At its best, Hans Schavernoch’s debris-littered scenery has the kind of textured grittiness of a Joseph Beuys assemblage. But then there are the large revolving mirrors, in motion throughout most of the 80-minute performance. Possibly someone less susceptible to vertigo than this writer might have found such constant refracting of light and image effective, but I doubt that I was alone in leaving the theater feeling queasy.

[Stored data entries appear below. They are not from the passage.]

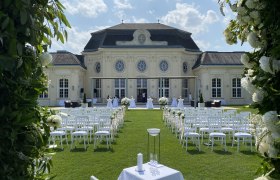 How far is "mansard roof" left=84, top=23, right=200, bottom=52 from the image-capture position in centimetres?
4253

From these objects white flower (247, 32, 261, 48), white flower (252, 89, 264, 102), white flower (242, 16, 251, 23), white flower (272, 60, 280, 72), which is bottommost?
white flower (252, 89, 264, 102)

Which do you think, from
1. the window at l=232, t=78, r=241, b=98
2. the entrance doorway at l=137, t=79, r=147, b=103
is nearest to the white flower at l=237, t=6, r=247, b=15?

If the mirrors didn’t get you, Joachim Kowalski, a German male alto with a hyperactive publicity machine, might. No prissy, white-toned countertenor, Kowalski exploits a forceful, modern vibrating singing full of elaborate dramatic emotion that produces a peculiarly androgynous effect coming from a singer with rock-star good looks. But he also, unfortunately, exploits unflagging overdone expressions of Angst on stage.

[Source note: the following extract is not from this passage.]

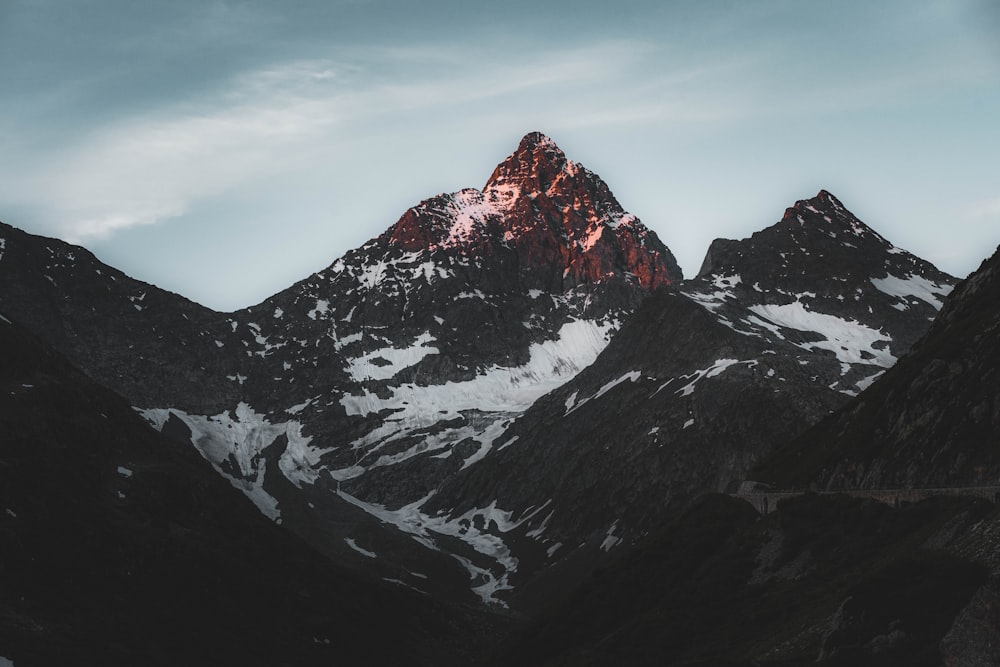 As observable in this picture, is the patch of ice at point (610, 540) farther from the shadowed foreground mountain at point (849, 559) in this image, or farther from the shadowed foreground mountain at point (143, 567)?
the shadowed foreground mountain at point (849, 559)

More of a discovery was the arresting Eurydike of Dagmar Schellenberger-Ernst, an exciting and beautiful young German soprano. Christiane Oertel sang Amor plainly from the chorus, which was dressed (men and women) in tails and ramped along the right of the orchestra pit, while a young boy blankly acted the role.
Hartmut Haenchen conducted a properly small and capable modern orchestra with attention paid period practice niceties, such as sharply etched textures, energetic tempos and vocal ornamentation. But those damned revolving mirrors made even all his energy seem strangely unsettling. East Germany, as reflected in this 4-year-old production, is simply not a place for niceties.